Writing To Archives

Archive Writing can occur if the archive was:

  1. Constructed into Write or Append mode

  2. Opened into Write or Append mode (Open)

  3. Switched into Write or Append mode (ChangeMode)

When an Archive is opened, an entity with that name is immediately written to disk, overwriting any other file there (or, if file permissions do not allow, it throws an error).

Types of Writing

Complete File Writing

The WriteFile(std::string fileName,std::string data) function takes a single string -the data - and writes it to the file fileName within the target archive.

The data object forms the complete contents of the file - no data can be added or appended at a later date.

#example.cpp
#include "Archive.h"

using namespace Archiver
std::string GenerateText(int n)
{
    std::stringstream stream;
    stream << "This file has " << n << " lines\n";
    for (int i = 2; i <= n; ++i)
    {
        stream << "Line "<< i << "\n";
    }
    return stream.str();
}

int main(int argc, char** argv)
{
    Archive A("test.archive",Write);

    A.WriteFile("TenLines.txt",GenerateText(10));
    A.WriteFile("HundredLines.txt",GenerateText(100));
    A.WriteFile("MillionLines.txt",GenerateText(1e6));
    return 0;
}

The test.archive will then contain three files, with 10, 100 and 1,000,000 lines of text:

$ ls
test.archive  test.cpp  test.out
$ tar -xf test.archive #manually extract the tar archive
$ ls
test.archive  test.cpp  test.out TenLines.txt  HundredLines.txt  MillionLines.txt
$ head -n 5 HundredLines.txt
This file has 100 lines
Line 2
Line 3
Line 4
Line 5
$ tail -n 5 MillionLines.txt
Line 999996
Line 999997
Line 999998
Line 999999
Line 1000000

Stream File Writing

In the above example we constructed a temporary stream, which was then converted into a string.

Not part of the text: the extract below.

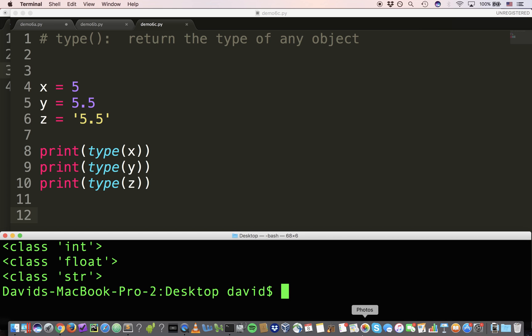You can use this for diagnostic purposes. If you need to check the type of an object, which you rarely do, we do have another function called isinstance. But type is great for diagnostic purposes.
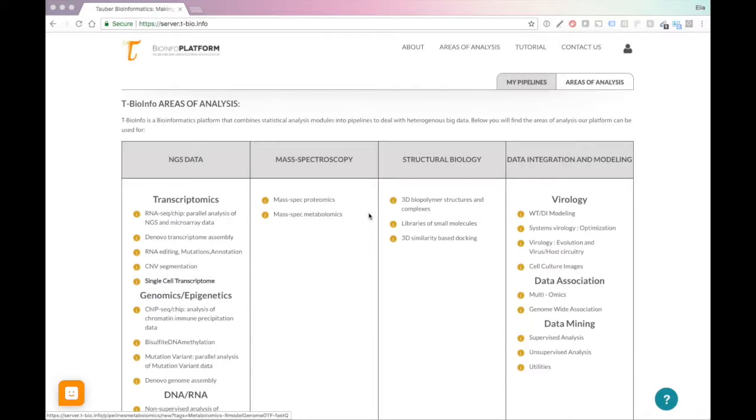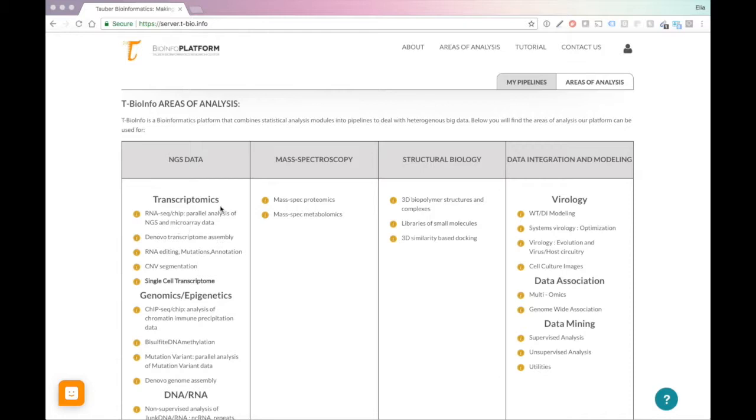In this video, I want to show you another way of making a PCA plot and working with the platform. What we did is we processed the data here under Transcriptomics RNA-Seq. We got the table of expression, and we maybe did a normalized quantile normalization under utilities.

Archive provides this functionality automatically, via the ActivateStream() function.

#example.cpp
#include "Archive.h"

using namespace Archiver
std::string GenerateText(int n)
{
    std::stringstream stream;
    stream << "This file has " << n << " lines\n";
    for (int i = 2; i <= n; ++i)
    {
        stream << "Line "<< i << "\n";
    }
    return stream.str();
}

int main(int argc, char** argv)
{
    Archive A("test.archive",Write);

    A.WriteFile("TenLines.txt",GenerateText(10)); //exactly as before

    //alternative approach:
    auto stream = A.ActivateStream("StreamedLines.txt");
    stream << "This data is streamed in\n";
    stream << "Bit by bit\n";
    A.DeactivateStream(); //close the stream

    A.ActivateStream("OtherLines.txt");
    A << "You can also stream\n";
    A << "\t To the archive itself!";
    A << "\n Without needing to copy the 'stream' object.";

    A << "You can even get away with not deactivating the stream";
    A << ": But you probably should.";
    return 0;
}

Running this code and examining the output:

$ ls
test.archive  test.cpp  test.out
$ tar -xf test.archive #manually extract the tar archive
$ ls
test.archive  test.cpp  test.out TenLines.txt StreamedLines.txt  OtherLines.txt
$ cat OtherLines.txt
You can also stream
    To the archive itself!
Without needing to copy the 'stream object'
You can even get away with not deactivating the stream: But you probably should.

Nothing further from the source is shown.